The last remaining gangster turns his gun on me, but too slow. I’m on top of him, my steel digging into his skin, howling with rage. With his last ounce of strength he pulls the trigger, but I shove the barrel skyward. The barrel is so hot that it burns, but I barely feel it. I cry out again as I stab him one last time, and the cut is about as effective as my outburst. He’s already dead.
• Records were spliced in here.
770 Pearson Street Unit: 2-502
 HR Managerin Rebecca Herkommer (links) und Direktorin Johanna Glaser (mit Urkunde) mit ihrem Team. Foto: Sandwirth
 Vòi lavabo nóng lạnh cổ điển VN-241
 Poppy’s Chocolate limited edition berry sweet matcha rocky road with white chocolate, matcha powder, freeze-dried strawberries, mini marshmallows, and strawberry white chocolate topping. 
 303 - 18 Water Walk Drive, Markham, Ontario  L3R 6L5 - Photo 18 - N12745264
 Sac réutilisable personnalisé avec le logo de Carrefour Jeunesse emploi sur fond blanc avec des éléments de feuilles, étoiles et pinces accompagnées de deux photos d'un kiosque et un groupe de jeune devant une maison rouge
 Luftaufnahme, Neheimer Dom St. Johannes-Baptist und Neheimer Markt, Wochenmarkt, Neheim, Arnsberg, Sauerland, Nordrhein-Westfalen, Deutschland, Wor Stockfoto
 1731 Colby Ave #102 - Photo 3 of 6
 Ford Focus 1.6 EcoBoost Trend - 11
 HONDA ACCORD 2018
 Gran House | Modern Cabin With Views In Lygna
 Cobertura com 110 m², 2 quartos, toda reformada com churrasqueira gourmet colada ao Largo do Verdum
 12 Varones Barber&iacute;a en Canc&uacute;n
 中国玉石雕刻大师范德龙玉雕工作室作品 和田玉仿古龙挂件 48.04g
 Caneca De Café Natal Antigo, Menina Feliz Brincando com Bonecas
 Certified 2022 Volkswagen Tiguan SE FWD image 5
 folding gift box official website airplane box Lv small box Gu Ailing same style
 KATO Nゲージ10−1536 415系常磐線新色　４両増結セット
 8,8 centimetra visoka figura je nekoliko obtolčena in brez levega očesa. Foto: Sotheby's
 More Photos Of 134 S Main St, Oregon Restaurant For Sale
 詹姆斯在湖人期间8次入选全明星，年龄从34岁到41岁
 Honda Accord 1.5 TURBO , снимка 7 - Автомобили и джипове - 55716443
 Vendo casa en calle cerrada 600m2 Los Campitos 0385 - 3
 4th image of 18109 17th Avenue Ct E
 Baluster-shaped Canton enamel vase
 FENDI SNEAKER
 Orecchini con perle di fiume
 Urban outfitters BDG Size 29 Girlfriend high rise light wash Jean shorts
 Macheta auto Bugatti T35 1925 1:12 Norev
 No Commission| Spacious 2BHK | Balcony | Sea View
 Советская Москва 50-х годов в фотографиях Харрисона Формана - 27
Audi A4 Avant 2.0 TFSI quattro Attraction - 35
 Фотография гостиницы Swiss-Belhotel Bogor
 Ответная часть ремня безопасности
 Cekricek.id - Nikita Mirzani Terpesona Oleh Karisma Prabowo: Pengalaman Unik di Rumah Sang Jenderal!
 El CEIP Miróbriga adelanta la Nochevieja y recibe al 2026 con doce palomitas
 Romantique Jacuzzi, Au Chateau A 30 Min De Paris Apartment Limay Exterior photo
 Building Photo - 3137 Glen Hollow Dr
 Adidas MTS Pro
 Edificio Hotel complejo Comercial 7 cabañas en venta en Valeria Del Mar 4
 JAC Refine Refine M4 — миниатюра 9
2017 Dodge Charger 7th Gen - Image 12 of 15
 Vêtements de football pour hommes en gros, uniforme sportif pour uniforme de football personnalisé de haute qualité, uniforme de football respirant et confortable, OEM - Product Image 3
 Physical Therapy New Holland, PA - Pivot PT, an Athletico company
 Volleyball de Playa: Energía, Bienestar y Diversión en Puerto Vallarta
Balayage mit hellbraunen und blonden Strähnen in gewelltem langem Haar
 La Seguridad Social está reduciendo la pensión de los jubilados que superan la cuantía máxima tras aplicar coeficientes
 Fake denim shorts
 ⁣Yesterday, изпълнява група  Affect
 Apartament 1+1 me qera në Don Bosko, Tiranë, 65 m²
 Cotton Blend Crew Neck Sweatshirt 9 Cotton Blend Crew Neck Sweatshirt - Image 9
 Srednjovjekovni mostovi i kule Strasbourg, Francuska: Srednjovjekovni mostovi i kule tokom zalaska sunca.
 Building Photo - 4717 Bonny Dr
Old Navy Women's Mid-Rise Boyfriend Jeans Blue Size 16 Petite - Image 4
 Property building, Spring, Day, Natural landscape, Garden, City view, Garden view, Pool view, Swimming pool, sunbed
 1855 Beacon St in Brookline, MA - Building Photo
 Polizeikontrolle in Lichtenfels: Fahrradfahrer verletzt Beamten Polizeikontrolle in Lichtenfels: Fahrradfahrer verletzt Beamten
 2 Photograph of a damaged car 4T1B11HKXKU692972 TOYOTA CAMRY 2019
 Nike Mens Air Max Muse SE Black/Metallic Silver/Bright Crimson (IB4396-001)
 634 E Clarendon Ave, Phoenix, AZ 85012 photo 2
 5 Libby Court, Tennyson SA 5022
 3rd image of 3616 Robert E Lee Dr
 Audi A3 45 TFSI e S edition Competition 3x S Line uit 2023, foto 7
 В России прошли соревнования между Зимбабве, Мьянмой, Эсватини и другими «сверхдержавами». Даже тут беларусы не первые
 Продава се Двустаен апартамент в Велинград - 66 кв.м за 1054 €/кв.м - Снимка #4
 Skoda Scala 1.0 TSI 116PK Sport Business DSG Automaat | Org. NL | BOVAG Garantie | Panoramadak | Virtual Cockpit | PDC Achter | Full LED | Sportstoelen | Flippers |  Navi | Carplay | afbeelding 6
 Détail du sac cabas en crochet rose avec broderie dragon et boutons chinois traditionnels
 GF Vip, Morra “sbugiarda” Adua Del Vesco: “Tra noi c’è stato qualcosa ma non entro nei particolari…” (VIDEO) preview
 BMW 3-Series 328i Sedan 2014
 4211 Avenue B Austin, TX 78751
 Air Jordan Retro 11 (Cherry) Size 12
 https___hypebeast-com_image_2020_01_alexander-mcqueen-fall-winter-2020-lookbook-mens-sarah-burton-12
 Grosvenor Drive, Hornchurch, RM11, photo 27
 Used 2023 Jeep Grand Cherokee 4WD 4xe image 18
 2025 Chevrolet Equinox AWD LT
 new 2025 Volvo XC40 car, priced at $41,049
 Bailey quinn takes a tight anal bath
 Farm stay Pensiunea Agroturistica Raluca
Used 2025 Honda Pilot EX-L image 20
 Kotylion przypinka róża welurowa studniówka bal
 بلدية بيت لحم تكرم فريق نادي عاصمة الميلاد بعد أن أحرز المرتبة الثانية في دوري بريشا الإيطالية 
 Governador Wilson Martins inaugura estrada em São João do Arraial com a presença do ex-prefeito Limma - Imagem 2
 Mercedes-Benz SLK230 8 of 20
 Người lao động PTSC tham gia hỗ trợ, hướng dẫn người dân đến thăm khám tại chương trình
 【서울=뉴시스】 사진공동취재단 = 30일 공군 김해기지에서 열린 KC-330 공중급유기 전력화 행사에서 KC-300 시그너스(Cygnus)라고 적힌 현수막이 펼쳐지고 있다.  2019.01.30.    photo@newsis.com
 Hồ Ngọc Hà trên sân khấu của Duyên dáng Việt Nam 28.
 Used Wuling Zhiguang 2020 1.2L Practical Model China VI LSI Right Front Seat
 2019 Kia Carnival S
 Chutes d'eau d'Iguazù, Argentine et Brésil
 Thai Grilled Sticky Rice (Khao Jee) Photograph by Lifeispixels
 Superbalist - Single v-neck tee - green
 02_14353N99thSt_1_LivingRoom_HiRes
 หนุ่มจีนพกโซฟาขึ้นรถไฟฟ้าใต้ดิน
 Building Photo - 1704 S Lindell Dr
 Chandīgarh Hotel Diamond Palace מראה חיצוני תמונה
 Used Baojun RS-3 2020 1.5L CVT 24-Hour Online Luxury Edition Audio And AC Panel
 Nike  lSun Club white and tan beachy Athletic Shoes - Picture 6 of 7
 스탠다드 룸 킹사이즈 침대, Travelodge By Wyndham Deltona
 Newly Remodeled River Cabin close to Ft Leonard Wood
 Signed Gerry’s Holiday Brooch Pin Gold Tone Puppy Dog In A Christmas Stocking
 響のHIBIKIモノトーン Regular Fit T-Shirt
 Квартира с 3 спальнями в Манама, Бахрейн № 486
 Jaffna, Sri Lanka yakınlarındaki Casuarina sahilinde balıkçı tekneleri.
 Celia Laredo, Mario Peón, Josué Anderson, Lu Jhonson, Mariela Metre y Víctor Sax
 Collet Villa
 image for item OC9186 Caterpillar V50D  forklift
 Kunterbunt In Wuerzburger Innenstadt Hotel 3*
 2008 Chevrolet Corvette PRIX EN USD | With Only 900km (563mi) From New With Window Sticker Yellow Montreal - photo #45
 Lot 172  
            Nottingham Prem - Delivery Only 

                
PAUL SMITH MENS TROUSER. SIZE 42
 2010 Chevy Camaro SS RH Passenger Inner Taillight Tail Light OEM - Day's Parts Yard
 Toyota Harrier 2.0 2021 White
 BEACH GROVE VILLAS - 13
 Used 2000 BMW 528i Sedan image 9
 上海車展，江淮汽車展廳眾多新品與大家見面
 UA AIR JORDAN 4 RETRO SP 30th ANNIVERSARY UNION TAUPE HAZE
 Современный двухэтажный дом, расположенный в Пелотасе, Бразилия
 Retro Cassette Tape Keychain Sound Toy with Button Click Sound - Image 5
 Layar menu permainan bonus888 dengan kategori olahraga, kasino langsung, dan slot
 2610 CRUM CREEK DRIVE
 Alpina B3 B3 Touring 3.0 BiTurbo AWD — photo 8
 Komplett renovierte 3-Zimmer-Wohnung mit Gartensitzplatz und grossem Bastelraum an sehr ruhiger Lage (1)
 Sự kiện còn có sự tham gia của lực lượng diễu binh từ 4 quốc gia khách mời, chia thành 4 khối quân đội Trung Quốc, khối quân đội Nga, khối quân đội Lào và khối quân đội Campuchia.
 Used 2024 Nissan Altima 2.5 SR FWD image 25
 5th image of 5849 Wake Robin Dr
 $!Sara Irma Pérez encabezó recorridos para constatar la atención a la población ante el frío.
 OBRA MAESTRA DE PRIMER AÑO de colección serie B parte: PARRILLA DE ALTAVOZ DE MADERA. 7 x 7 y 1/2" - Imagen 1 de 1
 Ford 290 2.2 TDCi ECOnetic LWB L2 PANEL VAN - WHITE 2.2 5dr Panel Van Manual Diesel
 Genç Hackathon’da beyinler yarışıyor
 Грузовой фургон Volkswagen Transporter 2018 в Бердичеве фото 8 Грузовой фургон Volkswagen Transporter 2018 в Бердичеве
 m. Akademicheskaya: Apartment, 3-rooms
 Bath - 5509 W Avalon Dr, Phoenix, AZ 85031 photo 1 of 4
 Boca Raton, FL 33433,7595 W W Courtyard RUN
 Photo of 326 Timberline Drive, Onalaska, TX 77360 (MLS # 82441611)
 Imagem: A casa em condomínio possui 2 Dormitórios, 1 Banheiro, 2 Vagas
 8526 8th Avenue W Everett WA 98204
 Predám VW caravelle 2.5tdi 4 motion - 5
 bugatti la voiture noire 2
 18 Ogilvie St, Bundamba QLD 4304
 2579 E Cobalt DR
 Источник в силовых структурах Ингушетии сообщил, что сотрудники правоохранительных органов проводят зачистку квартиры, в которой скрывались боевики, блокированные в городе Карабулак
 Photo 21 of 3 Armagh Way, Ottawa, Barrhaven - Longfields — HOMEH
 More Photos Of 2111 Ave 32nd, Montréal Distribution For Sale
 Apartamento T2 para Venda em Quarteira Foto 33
His body slides down the alley wall, leaving smear of blood in his wake.

“Anybody else want to try?” I snarl down the alley. I can’t hear anything but the blood rushing in my ears. They killed Juno, damn them all. _They killed Juno_. “Well? Where are the rest of you?”

And then a voice interrupts my tirade.

“You mind keeping it down? I’ve got one hell of a headache.”

I stop short, my breath in my throat.

“Juno?” I’m at his side in an instant. It can’t be, but it is. The spray of blood is gone from the wall. His head is whole. He’s dragging himself up onto his hands and knees. Without thinking, I throw my arms around him. “Juno, you’re—you’re alive!”

He grunts at the sudden touch and pulls away. “Nope. Still dead. But not any deader than I was yesterday.”

Of course. _Of course_ —he’s a ghost. You can’t just kill a ghost. I should have known better, but—but oh god, seeing him fall—

I force my thoughts in a different direction. “But how are you here? I thought you couldn’t get past the front door of the building.”

“I can’t,” he says, and points up. I follow his stare to the fourth row of windows, where a telescope is poking between the parted curtains. “This alley’s a little closer than the front sidewalk. Not by much, but hey, I’m motivated.” He grimaces, pinching the bridge of his nose.

Immediately I’m beside him again. “Are you alright?”

“Fine,” he says, brushing me off. “Just at my limit. I can’t stay out here much longer. Can you walk on your own?”

Now that the adrenaline is wearing off, I can feel just how bad my leg is. Walking on it won’t be pleasant, but it’s not impossible. I’m about to say as much when he gets in close, sliding my arm over his shoulder.

“Come on,” he says. “I’ll help you inside.”

* * *

 

Leaning against him while I walk is awkward, but it’s easier than limping on my own. We stick close to the building and take a back door inside, but even then, Juno grunts and swears like he’s fighting through a migraine. The sound of it must have alerted the landlady, because she pokes her head out of her door.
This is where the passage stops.